Thursday, September 15, 2011

Found Art: Shadows and Light (September 15, 2011)

At a gallery not long ago, I saw this pattern of shadows and light on the floor. It was more interesting than the work hanging on the walls--but, art is where you find it.

For more found art, see my blog Serendipitous Art.

Sunday, September 11, 2011

Wines I'm Making: Racked 2010 Cabernet Sauvignon (September 11, 2011)

Today I racked 11 gallons of wine--mostly the eight gallons of our 2010 Cabernet Sauvignon. Everything went smoothly. I sulfited the wine lightly, using six Campden tablets in the eight gallons, which should mean a sulfur level of about 49ppm. I also racked three gallons of "second-run" Cabernet--wine made from the lees of the real wine. I got a chance to taste both wines for the first time in about six months. I'm very pleased. Everything looks, smells, and tastes good. Even the faux wine is acceptable (this method of re-fermenting the lees seems to work better with red wine than it does with rosé).

I'll be bottling this wine in the next few weeks, ahead of harvesting the 2011 grapes. I tested a random Cabernet grape today and was surprised to find it at 18 brix already. I'm aiming for 24.5. If the weather remains good, that means we should be harvesting in about the third week of October. With the electric fence on and the nets secured, I'm hoping we'll get there with no further losses to animals.

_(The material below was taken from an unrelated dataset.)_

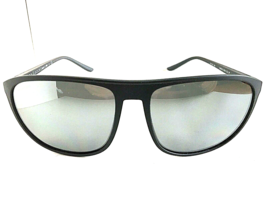 New Polarized ALAIN MIKLI STARCK SH50101Z3 Mirrored Matte Gray Men&#39;s Sun... - $129.99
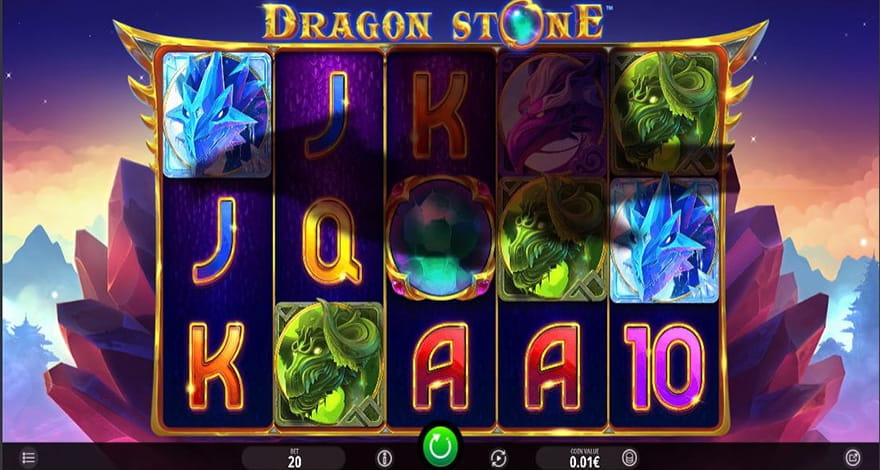 Dragons Slot Machine Dragon Stone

Wines I'm Drinking: Three Inexpensive Pinot Noirs

They say you get what you pay for. While that's certainly not always true in the case of wine, it seems to be most nearly true when it comes to Pinot Noir. It really is hard to find good, inexpensive Pinot Noir, but that doesn't keep me from trying. Yesterday I sampled three inexpensive Pinots from my local Grocery Outlet, two from New Zealand and one from Germany. I was especially interested in the German wine as Pinot Noir is not much grown there.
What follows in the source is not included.